■ EXERCISE DIRECTIONS ■
Starting at the top line and ending at the last, restate the records exactly.

■ MATERIALS PROVIDED ■
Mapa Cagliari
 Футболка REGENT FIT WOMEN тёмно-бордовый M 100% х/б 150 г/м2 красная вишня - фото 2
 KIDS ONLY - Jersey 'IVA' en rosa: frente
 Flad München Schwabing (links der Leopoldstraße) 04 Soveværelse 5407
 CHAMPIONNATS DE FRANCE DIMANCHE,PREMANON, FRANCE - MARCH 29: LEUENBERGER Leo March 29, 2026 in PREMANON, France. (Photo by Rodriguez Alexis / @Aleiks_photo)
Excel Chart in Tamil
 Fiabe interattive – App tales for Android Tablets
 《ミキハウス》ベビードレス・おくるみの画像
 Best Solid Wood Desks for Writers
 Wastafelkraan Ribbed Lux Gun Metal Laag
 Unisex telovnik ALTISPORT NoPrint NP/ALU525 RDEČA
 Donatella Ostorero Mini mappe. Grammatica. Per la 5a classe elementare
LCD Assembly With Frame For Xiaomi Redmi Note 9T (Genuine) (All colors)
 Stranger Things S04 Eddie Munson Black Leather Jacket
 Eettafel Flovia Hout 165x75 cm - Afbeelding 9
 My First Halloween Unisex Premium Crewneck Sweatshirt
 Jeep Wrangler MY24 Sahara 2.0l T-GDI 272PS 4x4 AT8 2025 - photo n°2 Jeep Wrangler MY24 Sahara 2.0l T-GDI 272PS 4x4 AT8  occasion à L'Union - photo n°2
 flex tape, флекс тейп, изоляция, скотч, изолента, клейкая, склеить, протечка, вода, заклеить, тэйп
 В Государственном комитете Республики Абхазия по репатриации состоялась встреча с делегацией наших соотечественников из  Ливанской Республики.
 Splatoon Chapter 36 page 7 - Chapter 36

■ EXPECTED ANSWER ■
Mapa Cagliari
 Футболка REGENT FIT WOMEN тёмно-бордовый M 100% х/б 150 г/м2 красная вишня - фото 2
 KIDS ONLY - Jersey 'IVA' en rosa: frente
 Flad München Schwabing (links der Leopoldstraße) 04 Soveværelse 5407
 CHAMPIONNATS DE FRANCE DIMANCHE,PREMANON, FRANCE - MARCH 29: LEUENBERGER Leo March 29, 2026 in PREMANON, France. (Photo by Rodriguez Alexis / @Aleiks_photo)
Excel Chart in Tamil
 Fiabe interattive – App tales for Android Tablets
 《ミキハウス》ベビードレス・おくるみの画像
 Best Solid Wood Desks for Writers
 Wastafelkraan Ribbed Lux Gun Metal Laag
 Unisex telovnik ALTISPORT NoPrint NP/ALU525 RDEČA
 Donatella Ostorero Mini mappe. Grammatica. Per la 5a classe elementare
LCD Assembly With Frame For Xiaomi Redmi Note 9T (Genuine) (All colors)
 Stranger Things S04 Eddie Munson Black Leather Jacket
 Eettafel Flovia Hout 165x75 cm - Afbeelding 9
 My First Halloween Unisex Premium Crewneck Sweatshirt
 Jeep Wrangler MY24 Sahara 2.0l T-GDI 272PS 4x4 AT8 2025 - photo n°2 Jeep Wrangler MY24 Sahara 2.0l T-GDI 272PS 4x4 AT8  occasion à L'Union - photo n°2
 flex tape, флекс тейп, изоляция, скотч, изолента, клейкая, склеить, протечка, вода, заклеить, тэйп
 В Государственном комитете Республики Абхазия по репатриации состоялась встреча с делегацией наших соотечественников из  Ливанской Республики.
 Splatoon Chapter 36 page 7 - Chapter 36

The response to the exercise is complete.